The Atlanta Journal-Constitution provides follow-up on the incident in which an old woman was shot dead after she fired on police officers who burst into her home on a drug raid:
Atlanta police Chief
Richard Pennington confirmed Monday that the informant now claims
police asked him to lie about his role in an alleged drug buy that led
to the shooting.
The informant, who has not been identified, complained to department
officials that the drug investigators involved in the bust had asked
him to go along with a story they concocted after the shooting, said
Pennington. He said the informant had been placed in protective custody.
The informant told an Atlanta television station that the officers asked him to lie to provide them cover in the shooting.

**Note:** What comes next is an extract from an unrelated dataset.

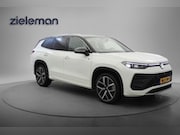 Volkswagen Tayron - 1.5 eTSI R-Line Edition 7 Persoons Automaat - Carplay, Camer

Pennington confirmed the television station's account of what the
informant had claimed and said it mirrored what the informant had told
his internal affairs unit over the weekend.
"The informant said he had no knowledge of going into that house and
purchasing drugs," Pennington said. "We don't know if he's telling the
truth."
All seven narcotics investigators and a sergeant have been suspended with pay pending the investigation, Pennington said.
Radley Balko at Reason provides analysis:
Atlanta police are pretty much screwed at this point. They have no good options.
Attack
the informant's credibility and you admit that you conducted a
high-risk, forced-entry raid based entirely on a tip from an informant
you now say is unreliable. You admit you did no corroborating
investigation. You admit you didn't even send an officer to check to
see if the informant was right about, for example, an external
surveillance system. And all of this ineptitude led to the death of an
innocent woman, not to mention to three officers getting wounded.
And
if the guy's telling the truth? Well, now you're talking about a
major-league shit storm. If this guy's telling the truth, not only
did the officers originally investigating this case lie on the warrant,
but the officers investigating after the shooting then lied
again to cover it up. That means you not only have corruption problems
with your narcotics officers, but you have problems with your internal
affairs unit, the cops who are charged with investigating the abuses of other police officers.